First and foremost. After inserting the Chemex filter into the flask, rinse it with hot water to remove any unwanted paper taste while warming up the caraffe. After that, discard that water.
Next, pour the ground coffee into the Chemex filter, followed by double the amount of water, and gently pour it in circles from the centre outwards. Allow the coffee to 'bloom' for about 30 seconds before continuing to slowly pour water in circular motions, pausing for a few seconds between pours.
Because of the Chemex's shaped spout, you'll be able to pour the coffee into the cup without spilling a drop.
Ratio of Chemex Coffee to Water
The coffee-to-water ratio used in this recipe is just one of several possibilities.

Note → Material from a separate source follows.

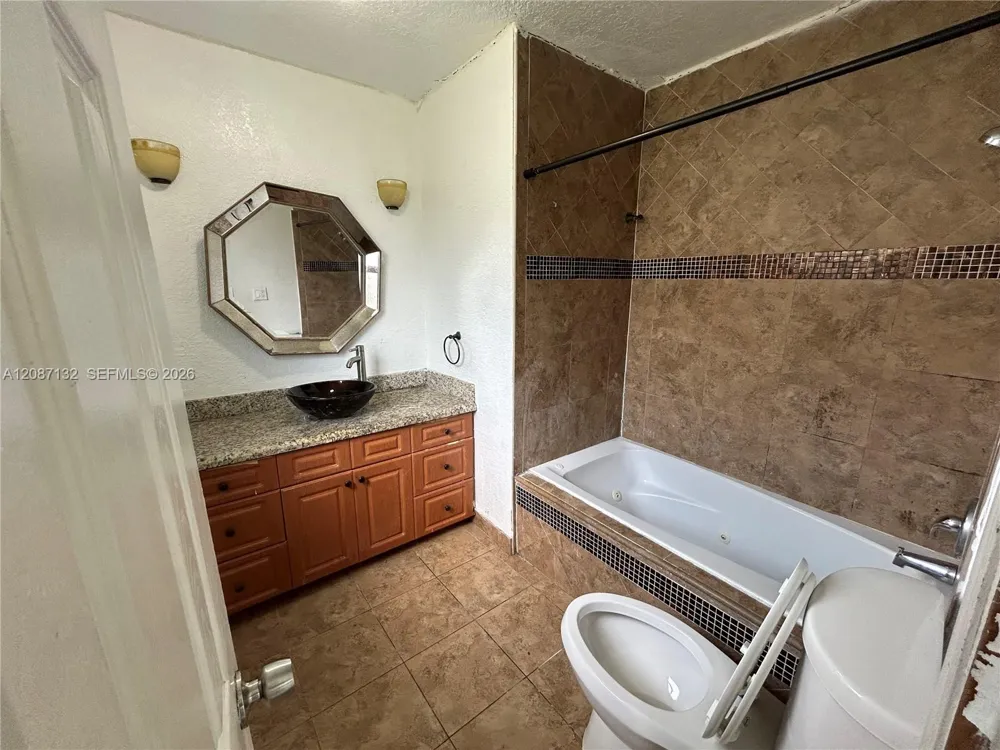 280 SW 8th St Deerfield Beach, FL 33441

While 1:14 is always my go-to brew ratio when testing new waters, or in this case, coffees, different situations and beans necessitate different coffee-to-water ratios. If you prefer stronger coffee, a brew ratio of 1:12 will provide it.
This means that for every gram of coffee, 12 grams of water are used. If we adjust the brewing recipe above, we get 240 grams of water for 20 grams of coffee for a more concentrated brew. This is also an excellent coffee ratio to use when brewing on ice. Another popular Chemex coffee-to-water ratio is 1:15.
For 20 grams of coffee, we use 300 grams of water. When experimenting with different coffee-to-water ratios for the Chemex, 1:15 produced astringency and a slight bitterness in my cup. Which brew ratio works best for you is highly dependent on how you like your coffee. Try out different recipes to see what you like best.